PaddeK / node-maxmind-db

This is the pure Node API for reading MaxMind DB files. MaxMind DB is a binary file format that stores data indexed by IP address subnets (IPv4 or IPv6).
GNU Lesser General Public License v2.1
88 stars 25 forks source link

getGeoData VS. getGeoDataSync #10

Closed connesc closed 9 years ago

connesc commented 9 years ago

I quickly read the code behind getGeoDataSync and I did not found any real synchronous call (unlike openSync, which calls fs.readFileSync). So, does getGeoDataSync blocks the process in some way? If no, is there any reason to distinguish getGeoData and getGeoDataSync?

the-eater commented 9 years ago

The difference between getGeoDataSync and getGeoData is more that getGeoData doesn't allow to look up more then 20 pointers per tick, it's a bit fake async.

You can see it here

connesc commented 9 years ago

Ok, thanks for the answer, that's what I guessed.

I think these functions are not properly named because the Sync suffix usually denotes a function that blocks the process (which should be avoided in most cases, except at startup). Here, since getGeoDataSync is not blocking, and getGeoData is a less performant variation, I think that the naming should instead induce a preference for the first one. For instance:

That said, I don't think it's a priority because it would change the API. But It would be a good idea for a next release.

the-eater commented 9 years ago

Well getGeoDataSync does block, f.x. run a http client that runs like 20+ getGeoDataSync's every request and try to refresh you will probably feel lag.

connesc commented 9 years ago

By blocking I mean that the Node.js process becomes idle while waiting for an external event (e.g. I/O).

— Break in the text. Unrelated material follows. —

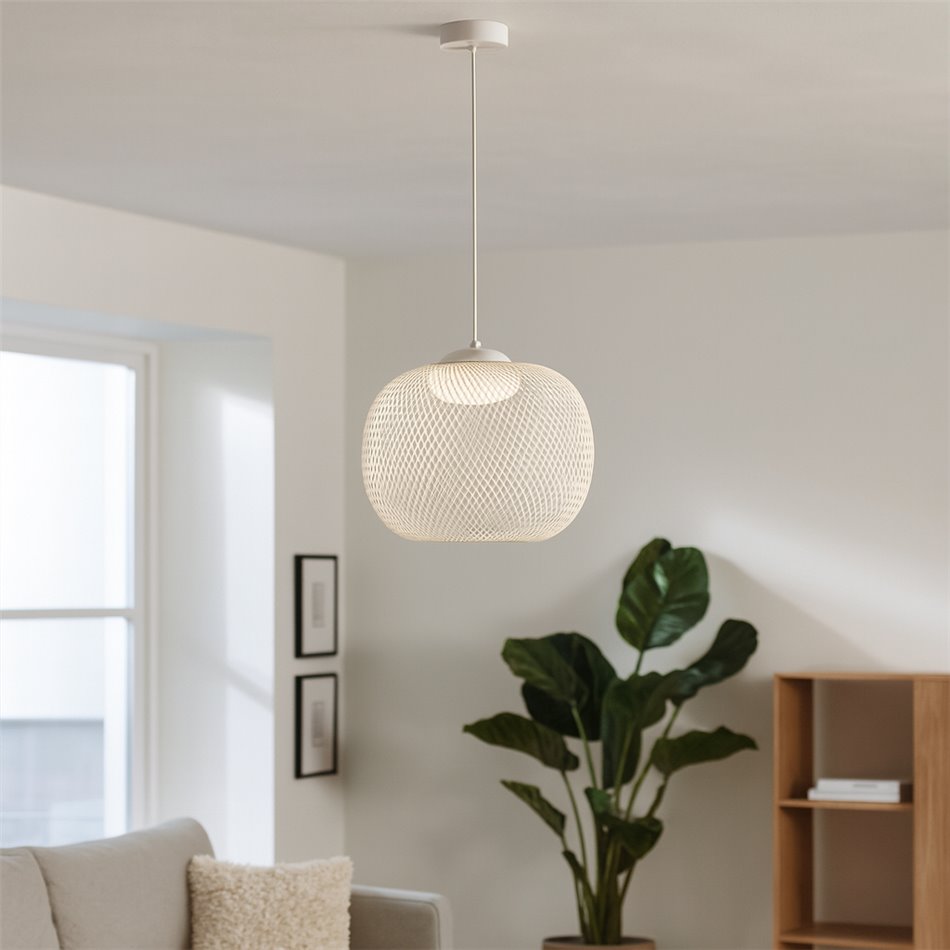 Подвесной светильник Mariolla A, белый, LEDx8W, 3000K, H40-130cm, D35cm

I agree that getGeoDataSync is expensive and occupies the process for a long time, but this is not wasted time. If you wrap getGeoDataSync in a nextTick call (what getGeoData does), you are just deferring calculus, but the same time will be spent at the end of the day.

In your example, if you wait for the completion of all your asynchronous calls, you will feel the same lag effect (maybe more).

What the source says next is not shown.